__What is required__.
Give back the full listing verbatim, apart from its images.

__Supplied material__.
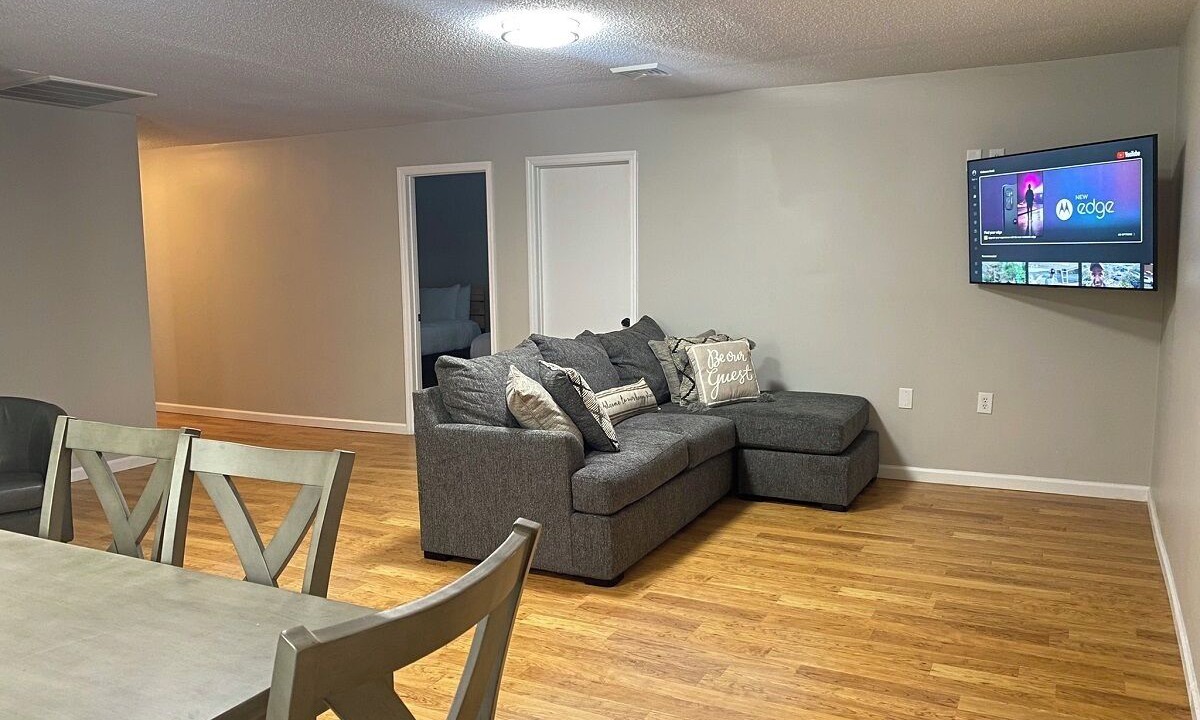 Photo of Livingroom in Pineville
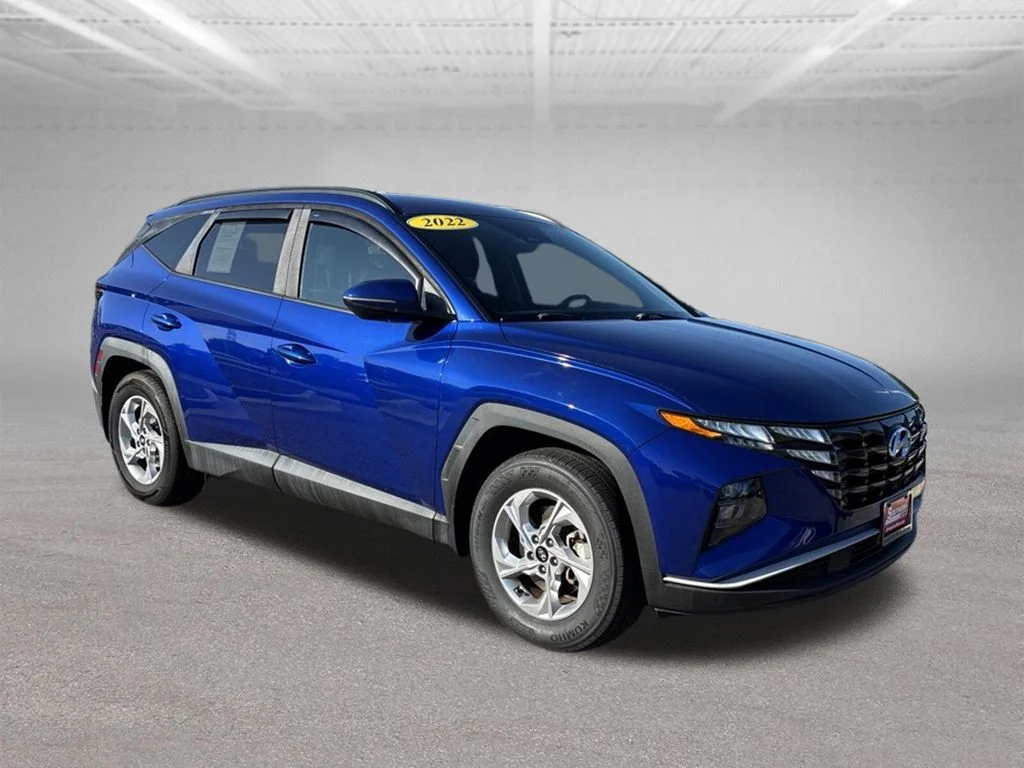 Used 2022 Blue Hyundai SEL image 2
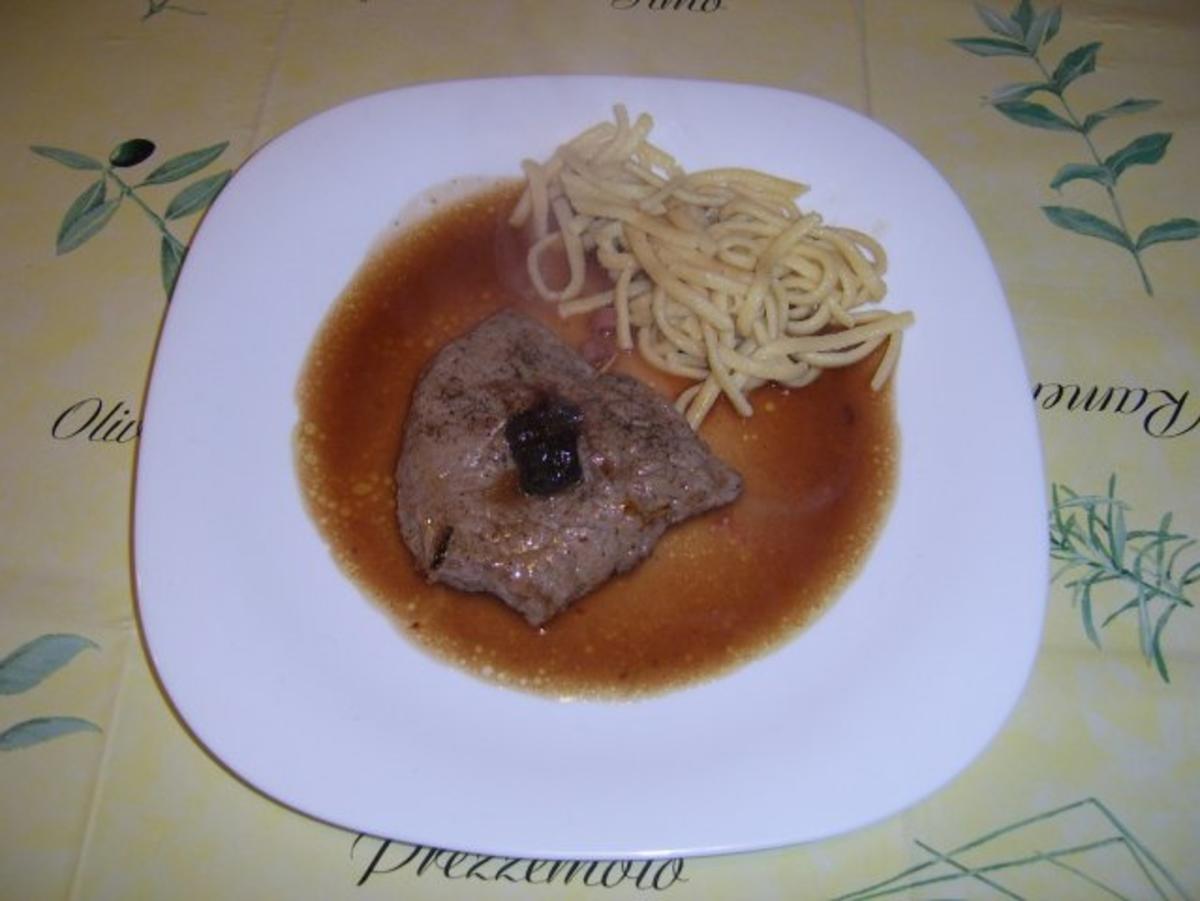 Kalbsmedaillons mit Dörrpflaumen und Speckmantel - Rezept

__Solution to this exercise__.
 Photo of Livingroom in Pineville
 Used 2022 Blue Hyundai SEL image 2
 Kalbsmedaillons mit Dörrpflaumen und Speckmantel - Rezept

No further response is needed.